Amazon has stated through social media sites that it plans to soon open a second subsidiary in Detroit.
“While we are excited that Amazon plans to increase its investment in Michigan by opening a second Michigan location, the time has come for them to start playing by the same rules as every other Michigan job maker,” said Hallan.
The Michigan sales tax says that purchases made outside the state are to be charged a “use tax” of six percent on all purchases. However, the rapid growth of Internet sales has caused substantial revenue loss because online companies refuse to report the use tax.
“Amazon has avoided collecting taxes on its Michigan sales for years,” Hallan commented. “That harms Michigan’s economy, is unfair to Michigan-based job providers and must stop. Other states have compelled Amazon to start paying taxes, and Michigan must do the same.”

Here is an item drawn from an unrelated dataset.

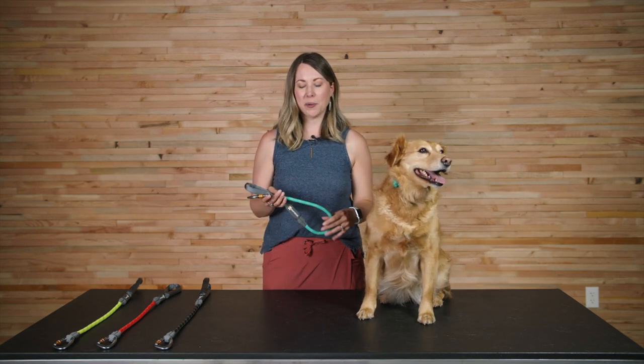Hi, I'm Kate and this is Millie. We're PAC Support representatives for Ruffwear here today to tell you about the Knot Along. The Knot Along is a short, rugged, climbing-inspired leash.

Mazerov said that sales tax revenues account for a third of a state’s total revenues, so these online retailing practices have limited the sales tax revenues of states.
The Michigan Treasury Department estimates that the state may lose $1.6 billion in e-commerce sales from fiscal years 2005-13 because these sales taxes are ignored.
While Michigan has yet to take action on this issue, 25 other states have passed e-fairness legislation or agreed with Amazon to begin collecting state sales taxes.
If Michigan fails to take action, the Treasury Department reports it will miss out on about $242 million in tax revenue from online retailers like Amazon.